When there is only an offer by one party without the other's acceptance, there is
no contract. Jurisprudence held that the stages of a contract of sale are: (1)
negotiation; (2) perfection; and (3) consummation. Negotiation is initiated by an
offer, which must be certain. At any time before contract's perfection, either
party may stop the negotiation. At this stage, the offer may be withdrawn,
effective immediately after manifestation. To convert offer into contract, the
acceptance must be absolute and must not qualify terms of the offer; it must be
plain, unequivocal, unconditional, and without variance from the proposal.

A qualified acceptance or one involving a new proposal constitutes a counter offer


and rejection of the original offer. It is a rejection of the original offer and an
attempt to end the negotiation between the parties on a different basis.

Here, Manila Metal had until Feb. 17, 1984 to redeem the property. However, since
it lacked resources, it requested for more time to redeem/repurchase the property
under such terms and conditions agreed upon by the parties. The request, made
through a letter (Aug. 25, 1983), was referred to PNB's main branch for action.
Before PNB could act on it, Manila Metal wrote again, stating it will pay PNB
P150,000 upon approval of request; that within 6 months from approval of request,
it will pay another P450,000; and that the remaining balance with the interest and
other expenses that will be incurred will be paid within the last 6 months of the
one year grave period requested for.

When PNB told Manila Metal that it did not allow partial redemption, it wrote to
Manila Metal's President repeating its offer to purchase the property.

The statement of account prepared by SAMD stating that PNB's net claim was
P1,574,560, cannot be considered an unqualified acceptance to Manila Metal's offer
to purchase the property. The statement is only a computation of the amount which
Manila Metal was obliged to pay in case PNB would later agree to sell the property,
including interests, advances on insurance premium, advances on realty taxes, etc.
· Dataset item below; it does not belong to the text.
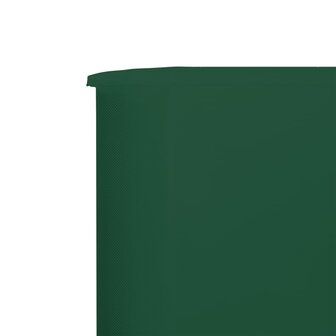 Windscherm 5-panelen 600x120 cm stof groen 4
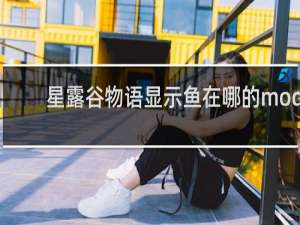星露谷物语显示鱼在哪的mod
SAMD was not authorized by PNB's Board of Directors to accept petitioner's offer
and sell the property for P1,574,560. SAMD's acceptance of Manila Metal's offer
does not bind PNB. This is because, as stated in Sec. 23 of the Corporation Code,
“corporate powers xxxx shall be exercised by the board of directors. Xxxx Thus,
contracts or acts of a corporation must be made either by the board of directors or
by a corporate agent duly authorized by the board. Absent such valid
delegation/authorization, xxxx declarations of an individual director xxxx are held
not binding on the corporation.”

Here, SAMD had prepared a recommendation for PNB to accept Manila Metal's offer to
repurchase the property even beyond the one-year period; recommending that Manila
Metal be allowed to redeem the property and pay P1,574,560. PNB later approved the
recommendation. But instead of the P1,574,560, PNB set the purchase price at
P2,660,000. In fine, PNB's acceptance of Manila Metal's offer was qualified, hence
can be considered a counter-offer. If Manila Metal had accepted this counter-offer,
a perfected contract of sale would have arisen; however, Manila Metal merely sought
to have the counter-offer reconsidered. PNB would later reject this reconsideration.

In summary, there was no perfected contract of sale between Manila Metal and PNB
over subject property. Petition is denied.